In 2016 Jeanine Calkin challenged Walaska and beat him in a primary. Carbone told his backyard gathering that city Democrats approached him as a candidate to run against Calkin. He was appalled. He saw the request as an effort to displace a woman.
“Jeanine Calkin is my inspiration and motivation for running,” Carbone said.
Calkin was one of those listening from the shade of Carbone’s backyard looking out on an extensive vegetable garden. Carbone and his wife Mary and their two dogs moved to the Neck from Pawtuxet because of the extensive yard and the space it provided them for gardening.
Asked if he is a Progressive Democrat Carbone says he shuns labels. He calls himself “a true Democrat” in his campaign literature and takes issue with the all-Democrat City Council, then led by currently acting Mayor Joseph Solomon, that failed to adopt resolutions opposing offshore drilling and lay people from carrying guns into schools.
“Responsible tax policy, no drilling off our coast, no guns in our schools and a sustainable energy policy are basic Democratic principles.
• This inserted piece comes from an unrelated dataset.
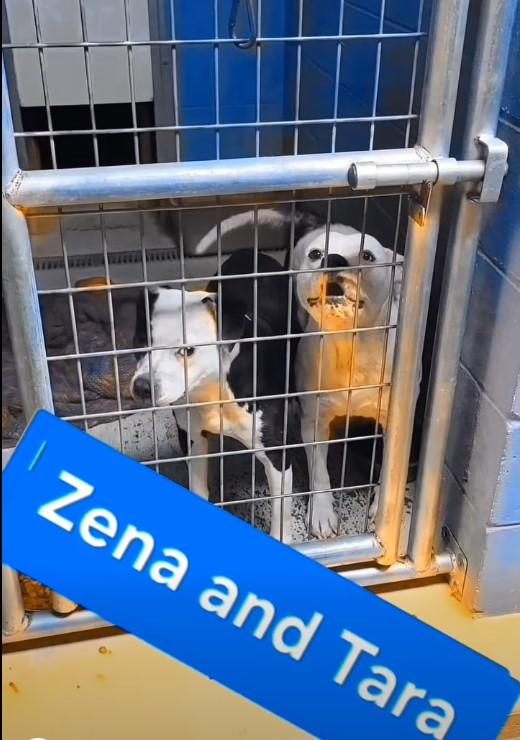 Enlarge Zena & Tara, a Adoptable Pit Bull Terrier in Attica, IN image 1/1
Sometimes I really feel as if I am the only true Democrat in the primary race,” reads the card he will be handing out as he meets voters who have a history of voting in Democratic primaries.
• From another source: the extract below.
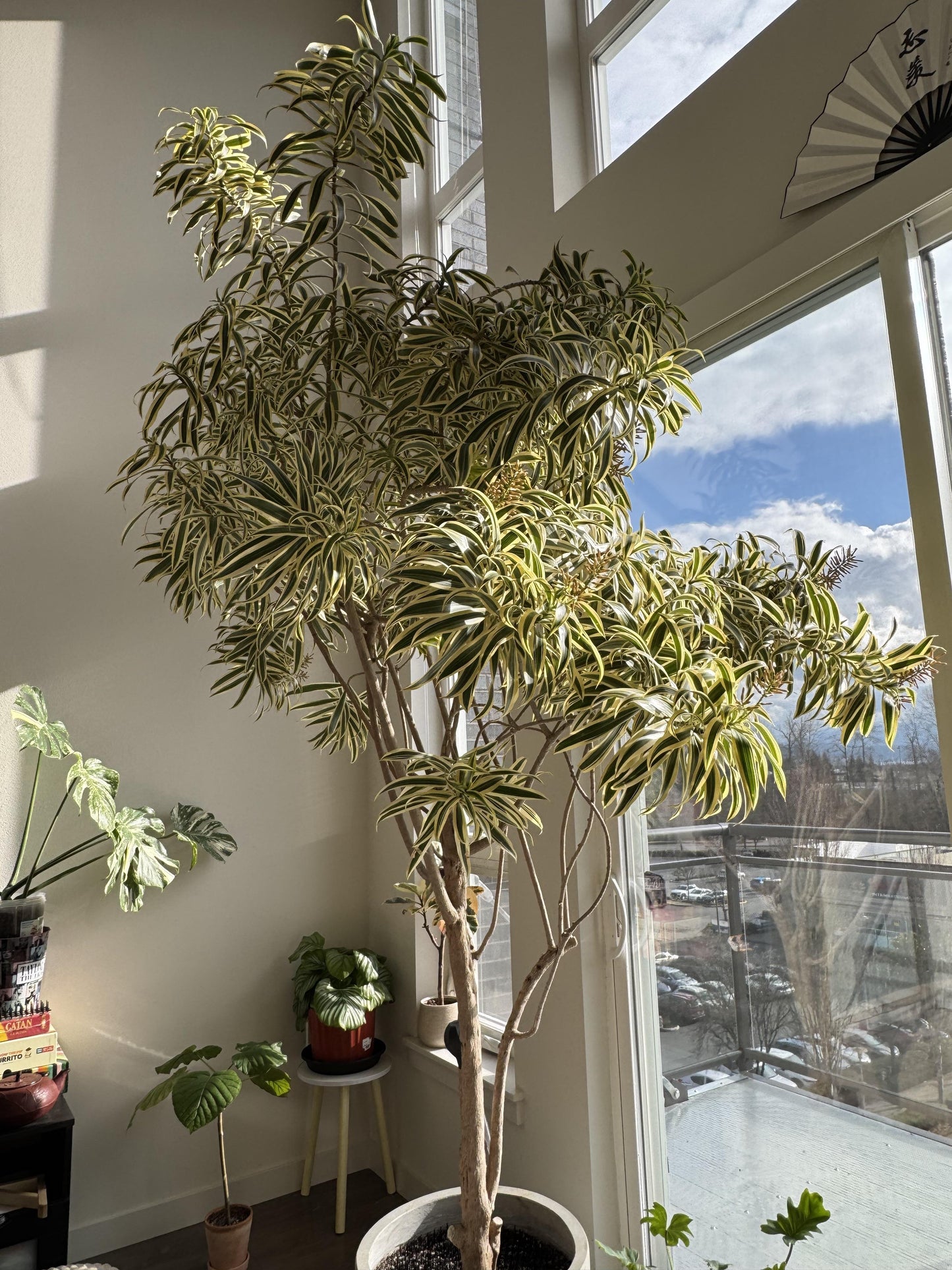 Dracaena Reflexa - View 14 from www redcrocus com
Carbone said he inquired why the council postponed action on the resolutions that had been introduced at the request of former Mayor Scott Avedisian and was told council efforts were being focused on the budget.
Carbone also takes issue with the council over schools. He is disheartened by council efforts to control the school department and objects to the council action to cut into the school request for additional funding while adding another $4 million to road repaving.
“For me, if it was a choice between schools and asphalt, I would choose schools,” he said.
Should he be elected, Carbone said he would be happy to work with schools, but he doesn’t see himself telling them how to spend their budget.
“If I wanted to tell schools how to run schools I would have run for the School Committee,” he said.
Carbone, who worked for 25 years as a journalist and covered Warwick as a reporter for the Providence Journal, understands how local government works. Also, at the Journal he served as a member of the Newspaper Guild’s contract negotiating team and considers mutual respect between parties as critical to reaching a fair contract. He feels he can be effective in pulling the parties together on the municipal level.
The author of three books on American history, Carbone paraphrases George Washington to illustrate what he believes is an effective means of governing.
“Study merit and reward the deserving,” Carbone says.
As to how he would apply such advice, Carbone said, “Listen to your staff and they will let you know who the leaders are.”
Carbone holds a master’s degree from Brown and was a John S. Knight Journalism Fellow at Stanford University. He’s mapped out his campaign, having hired a campaign manager and set aside July and August to meet in person as many Warwick Democrats who voted in the 2016 presidential primary as possible. He also plans to send what has become known as a “Mother Teresa” letter to Democrats telling them why he’s running and the good things he aims to do.
One thing he doesn’t plan on doing is spending the kind of money Solomon appears ready to commit to the campaign, with a personal loan of $100,000. Carbone expects to spend a tenth of that.
“It’s wasteful spending that kind of money tooting one’s own horn. I can’t understand why he [Solomon] would spend six figures on this race. It’s overkill and wasteful,” he said.